= EXERCISE DETAILS =
Using the material that follows, output exactly the lines from the one containing "230624_PfSpTa_A2-Spr-121 | Deine" through the one containing "高跟鞋|街拍：黑色连衣裙搭配高跟鞋，怎么穿都别有一番韵味", with both ends kept.
DATASET EXTRACT below:
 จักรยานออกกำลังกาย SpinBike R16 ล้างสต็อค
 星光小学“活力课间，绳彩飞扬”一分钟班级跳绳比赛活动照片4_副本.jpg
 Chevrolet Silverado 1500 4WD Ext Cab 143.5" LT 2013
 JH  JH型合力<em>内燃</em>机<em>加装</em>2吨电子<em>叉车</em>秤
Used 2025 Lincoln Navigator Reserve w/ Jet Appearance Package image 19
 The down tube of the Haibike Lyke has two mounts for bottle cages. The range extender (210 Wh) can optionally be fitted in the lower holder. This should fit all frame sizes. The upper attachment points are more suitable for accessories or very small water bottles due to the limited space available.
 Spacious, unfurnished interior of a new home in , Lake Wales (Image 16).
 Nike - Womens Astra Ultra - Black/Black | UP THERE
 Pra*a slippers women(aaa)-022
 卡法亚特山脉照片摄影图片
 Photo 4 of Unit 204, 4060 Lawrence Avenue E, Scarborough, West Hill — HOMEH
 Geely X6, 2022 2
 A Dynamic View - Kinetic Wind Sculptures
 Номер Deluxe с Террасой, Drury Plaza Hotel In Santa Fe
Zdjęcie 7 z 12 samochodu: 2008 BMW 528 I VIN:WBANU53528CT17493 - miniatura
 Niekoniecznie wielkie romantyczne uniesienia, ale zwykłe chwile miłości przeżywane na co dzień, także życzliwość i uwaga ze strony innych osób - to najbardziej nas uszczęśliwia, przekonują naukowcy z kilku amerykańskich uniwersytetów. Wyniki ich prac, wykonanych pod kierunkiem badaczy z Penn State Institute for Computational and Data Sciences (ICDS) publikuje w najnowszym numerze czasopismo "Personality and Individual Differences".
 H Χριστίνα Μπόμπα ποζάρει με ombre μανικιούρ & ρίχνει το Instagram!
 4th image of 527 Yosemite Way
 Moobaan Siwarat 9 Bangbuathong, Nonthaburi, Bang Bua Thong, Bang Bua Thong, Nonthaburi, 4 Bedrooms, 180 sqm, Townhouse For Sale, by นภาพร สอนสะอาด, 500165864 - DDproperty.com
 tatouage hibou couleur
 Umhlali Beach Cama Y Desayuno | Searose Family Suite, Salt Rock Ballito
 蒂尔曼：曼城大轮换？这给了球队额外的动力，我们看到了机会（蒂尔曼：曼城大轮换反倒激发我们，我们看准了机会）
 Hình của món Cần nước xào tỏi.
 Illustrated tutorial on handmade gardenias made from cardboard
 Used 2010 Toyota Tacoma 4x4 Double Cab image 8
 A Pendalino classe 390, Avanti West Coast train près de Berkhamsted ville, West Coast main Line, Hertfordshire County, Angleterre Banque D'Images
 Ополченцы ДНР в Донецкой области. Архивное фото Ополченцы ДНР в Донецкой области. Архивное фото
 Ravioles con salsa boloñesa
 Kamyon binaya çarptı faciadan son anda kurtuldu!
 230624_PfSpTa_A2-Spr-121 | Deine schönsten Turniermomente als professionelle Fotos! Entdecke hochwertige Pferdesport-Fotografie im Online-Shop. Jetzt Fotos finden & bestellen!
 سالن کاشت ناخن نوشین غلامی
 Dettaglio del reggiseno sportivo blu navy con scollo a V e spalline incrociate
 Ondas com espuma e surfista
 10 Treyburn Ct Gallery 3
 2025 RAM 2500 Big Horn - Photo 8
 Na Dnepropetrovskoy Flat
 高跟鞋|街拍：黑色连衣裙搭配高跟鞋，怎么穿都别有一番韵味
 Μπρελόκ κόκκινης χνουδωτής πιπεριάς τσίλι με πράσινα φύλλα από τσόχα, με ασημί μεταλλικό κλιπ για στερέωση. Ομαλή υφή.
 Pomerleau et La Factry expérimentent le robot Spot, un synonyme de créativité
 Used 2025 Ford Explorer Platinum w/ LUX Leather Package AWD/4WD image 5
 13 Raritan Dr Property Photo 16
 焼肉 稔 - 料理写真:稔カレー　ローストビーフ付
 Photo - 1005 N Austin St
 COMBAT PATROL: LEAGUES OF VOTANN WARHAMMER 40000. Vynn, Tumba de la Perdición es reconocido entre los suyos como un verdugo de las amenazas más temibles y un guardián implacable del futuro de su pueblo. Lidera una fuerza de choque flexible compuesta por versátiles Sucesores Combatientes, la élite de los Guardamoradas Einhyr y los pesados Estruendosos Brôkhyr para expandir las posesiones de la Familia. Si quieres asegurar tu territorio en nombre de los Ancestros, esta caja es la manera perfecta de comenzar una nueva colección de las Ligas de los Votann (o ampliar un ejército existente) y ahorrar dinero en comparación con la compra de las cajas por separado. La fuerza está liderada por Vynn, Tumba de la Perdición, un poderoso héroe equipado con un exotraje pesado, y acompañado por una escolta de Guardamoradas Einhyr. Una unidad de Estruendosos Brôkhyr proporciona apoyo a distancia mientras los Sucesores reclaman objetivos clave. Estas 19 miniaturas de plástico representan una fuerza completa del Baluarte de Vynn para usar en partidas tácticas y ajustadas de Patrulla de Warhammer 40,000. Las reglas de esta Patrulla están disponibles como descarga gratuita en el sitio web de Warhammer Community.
End of DATASET EXTRACT.
= FINISHED TASK =
 230624_PfSpTa_A2-Spr-121 | Deine schönsten Turniermomente als professionelle Fotos! Entdecke hochwertige Pferdesport-Fotografie im Online-Shop. Jetzt Fotos finden & bestellen!
 سالن کاشت ناخن نوشین غلامی
 Dettaglio del reggiseno sportivo blu navy con scollo a V e spalline incrociate
 Ondas com espuma e surfista
 10 Treyburn Ct Gallery 3
 2025 RAM 2500 Big Horn - Photo 8
 Na Dnepropetrovskoy Flat
 高跟鞋|街拍：黑色连衣裙搭配高跟鞋，怎么穿都别有一番韵味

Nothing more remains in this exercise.